# Kitchen refinish



## Rcon (Nov 19, 2009)

Just finished this one up today. Refinished in BM colour bittersweet chocolate. Definitely want more of these! Ended up taking us almost 150 man-hours to do it. Total of about 80 pieces (doors, drawer fronts). Took us 3 days on site.


----------



## NCPaint1 (Aug 6, 2009)

Looks awesome, great for the portfolio too. Those type of jobs have a huge impact and a great wow factor. I'm sure your name will come up the first party they have. Nice job.


----------



## DeanV (Apr 18, 2007)

Very Nice!

Products used?


----------



## Rcon (Nov 19, 2009)

DeanV said:


> Very Nice!
> 
> Products used?


This is MLC MagnaMax pigmented lacquer, satin.


----------



## ROOMINADAY (Mar 20, 2009)

I am booking my flight to Kelowna to volunteer for you!..as soon as I slow down... There is a huge market here for this. 

Bravo!


----------



## RH (Sep 7, 2010)

Now that is something to be proud of! :thumbsup:


----------



## RCP (Apr 18, 2007)

Awesome stuff, thanks for sharing!


----------



## straight_lines (Oct 17, 2007)

Rcon said:


> Just finished this one up today.
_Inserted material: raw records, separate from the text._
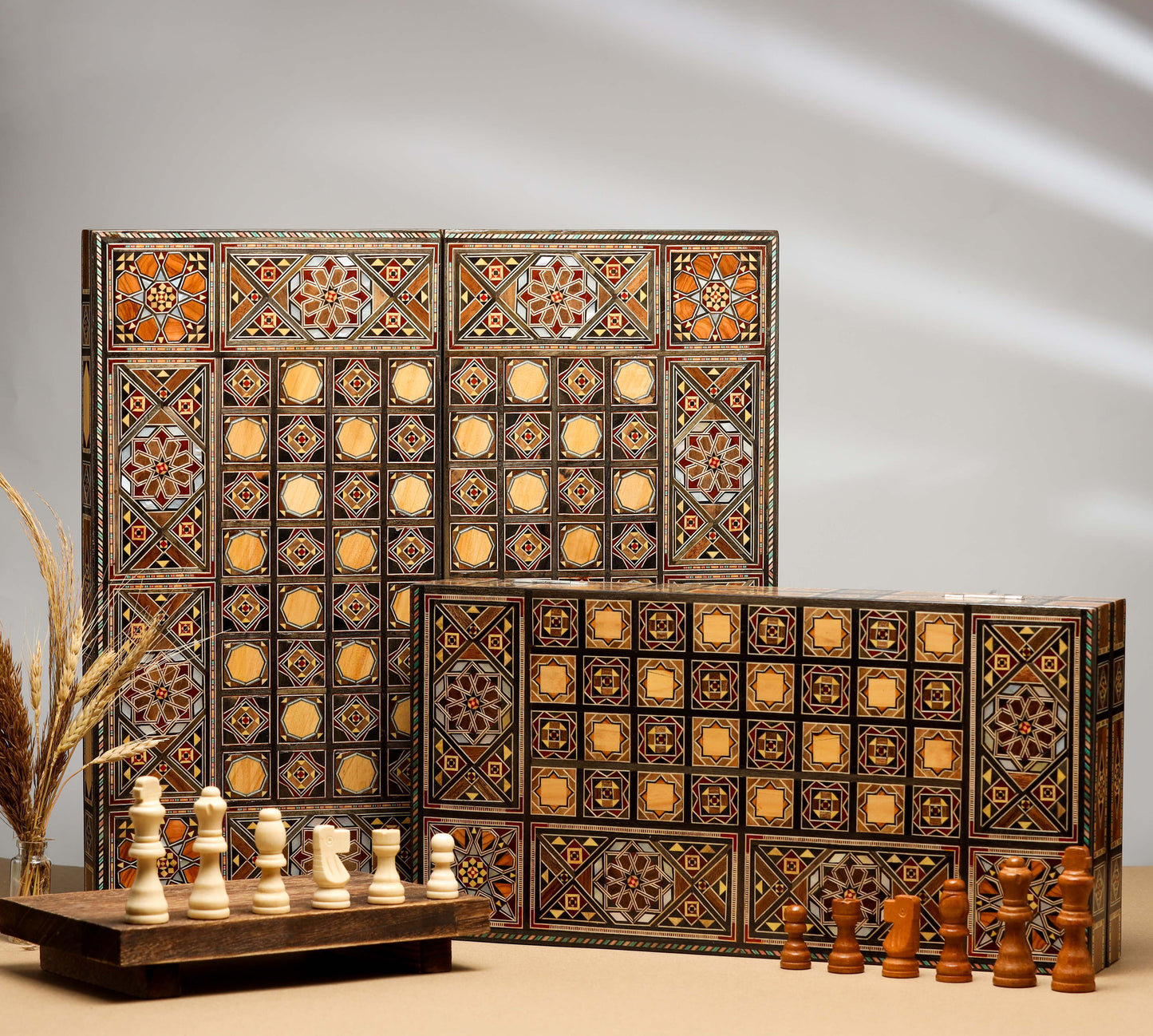 Clearance sale!!! Wooden Chess set- FREE BACKGAMMON PIECES -Folding chess Board, with closing lid Mosaic handmade, Clearance sale!!!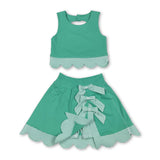 Scallop green crop top plaid bow skirt kids girls active set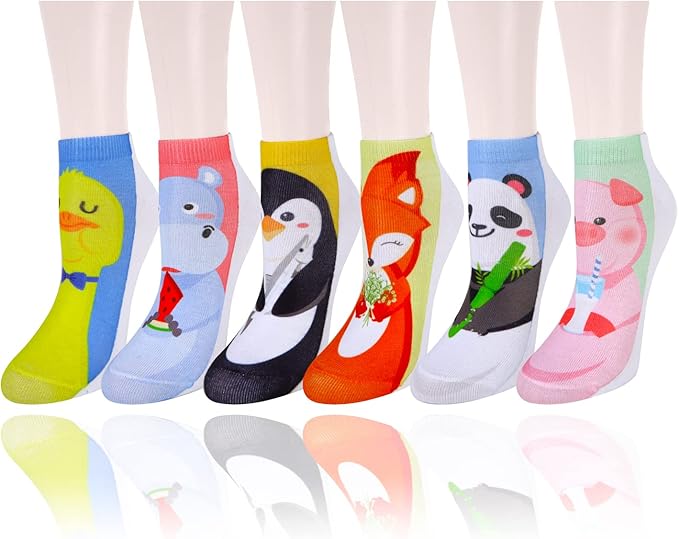 Benefeet Sox Funny Ankle Socks Cute Novelty No Show Animal Fruit Flower Cartoon Colorful Graphic Low Cut Socks for Women Girl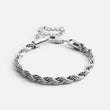 Twisted Rope armband zilverkleurig 5 mm - Josephine Nord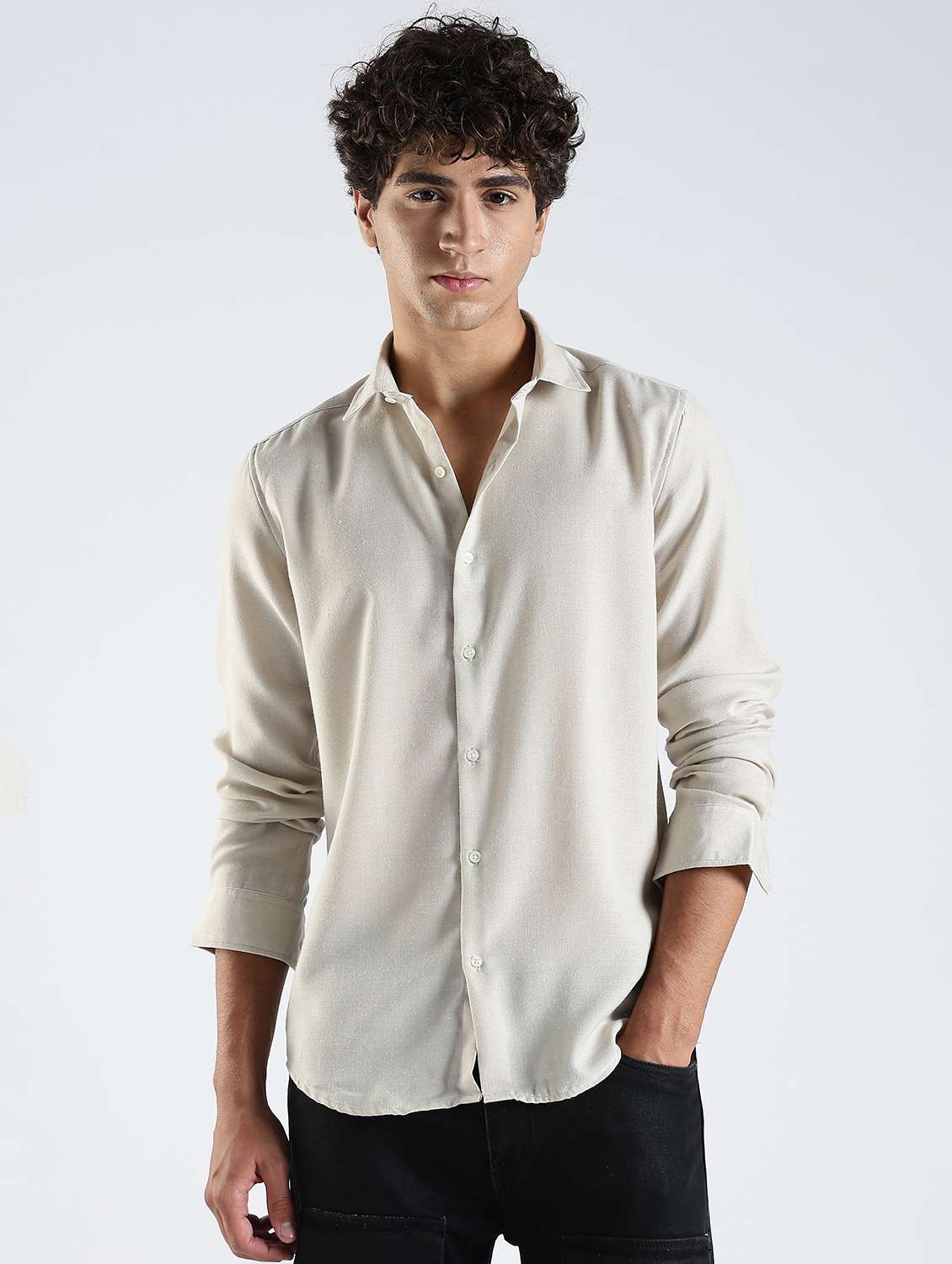 men solid long sleeve slim fit casual shirt - 22086619 -  Standard Image - 1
Refinished in BM colour bittersweet chocolate. Definitely want more of these! Ended up taking us almost 150 man-hours to do it. Total of about 80 pieces (doors, drawer fronts). Took us 3 days on site.


So around $350? :jester:


Nice work! You still loving the graco FF?


----------



## RH (Sep 7, 2010)

btw you missed the bar stools :jester:


----------



## Rcon (Nov 19, 2009)

straight_lines said:


> So around $350? :jester:
> 
> 
> Nice work! You still loving the graco FF?


lol yeah about tree fiddy :jester:

Graco AAA kicks ass, though I just ordered up a bunch of new parts for it to "pimp it out". Getting a flat tip conversion kit for the g40 and a hopper for 2K materials. Gunna be swwwwwweeeeeeetttt!! :thumbup:


----------



## daArch (Mar 15, 2008)

I'm impressed !


----------



## Ole34 (Jan 24, 2011)

WOW !! ............nice work man !!! ................you have something i dont.......PATIENTS


----------



## Rcon (Nov 19, 2009)

Gibberish45 said:


> btw you missed the bar stools :jester:


I'm going to paint those with some BEHR ULTRA satin tomorrow because it's just so great :jester:


----------



## Rcon (Nov 19, 2009)

Ole34 said:


> WOW !! ............nice work man !!! ................you have something i dont.......PATIENTS


Patience you mean? Man i'm no doctor :jester:


----------



## Workaholic (Apr 17, 2007)

As always Alec very nice. :thumbsup:


----------



## TJ Paint (Jun 18, 2009)

black is the new white

props man.


----------



## TJ Paint (Jun 18, 2009)

Rcon said:


> This is MLC MagnaMax pigmented lacquer, satin.


you ever get issues with clients and the lacquer odor?

Can they make use of the kitchen during those three days you are on site or in-between those days?

Looked up the PI sheet for it and it said this:
*Old Work: Strip old finishes completely* and remove all contaminants from the surface. Make sure
surface is dry. Finish as new work. If cratering develops on old work, Fish Eye Killer may
remedy this problem, if the contamination is not too severe.

Do you strip the old finish or got a system to bypass that?


----------



## Rcon (Nov 19, 2009)

TJ Paint said:


> you ever get issues with clients and the lacquer odor?
> 
> Can they make use of the kitchen during those three days you are on site or in-between those days?
> 
> ...


You'll notice they say that on every PI sheet. It's not necessary at all. We don't strip the finish. But we do clean the living snot out of it with lacquer thinner, acetone, toulene and MEK because ALL cabinets are contaminated. Then we sand the crap out of the cabinets, removing about 3 dry mils of material, so it's almost a strip but not not quite. We never break into the underlying colour. 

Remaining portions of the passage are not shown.